Haustveit, Kyle (Devon Energy) | Elliott, Brendan (Devon Energy) | Haffener, Jackson (Devon Energy) | Ketter, Chris (Devon Energy) | O'Brien, Josh (Devon Energy) | Almasoodi, Mouin (Devon Energy) | Moos, Sheldon (Devon Energy) | Klaassen, Trevor (Devon Energy) | Dahlgren, Kyle (Devon Energy) | Ingle, Trevor (Devon Energy) | Roberts, Jon (Devon Energy) | Gerding, Eric (Devon Energy) | Borell, Jarret (Devon Energy) | Sharma, Sundeep (Devon Energy) | Deeg, Wolfgang (Formerly Devon Energy)
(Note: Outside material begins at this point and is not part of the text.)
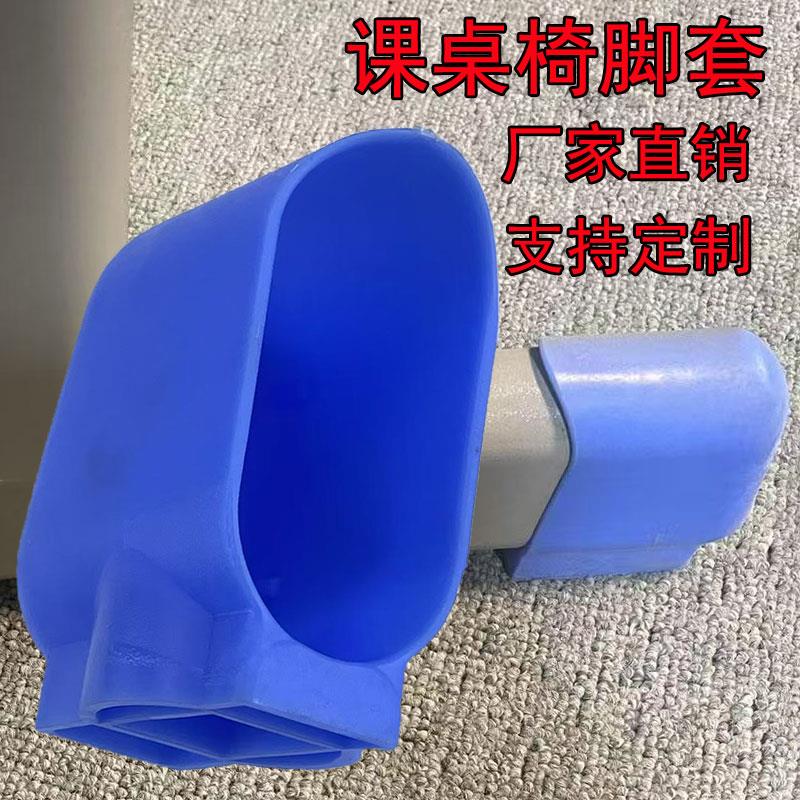 学生课桌防滑课桌椅脚垫橡胶学校加厚耐磨椅子保护套塑料脚套图片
Over the past decade the shale revolution has driven a dramatic increase in hydraulically stimulated wells. Since 2010, hundreds of thousands of hydraulically fractured stages have been completed on an annual basis in the US alone. It is well known that the geology and geomechanical features vary along a lateral due to landing variations, structural changes, depletion impacts, and intra-well shadowing. The variations along a lateral have the potential to impact the fluid distribution in a multi-cluster stimulation which can impact the drainage pattern and ultimately the economics of the well and unit being exploited. Due to the lack of low-cost, scalable diagnostics capable of monitoring cluster efficiency, most wells are completed using geometric cluster spacing and the same pump schedule across a lateral with known variations.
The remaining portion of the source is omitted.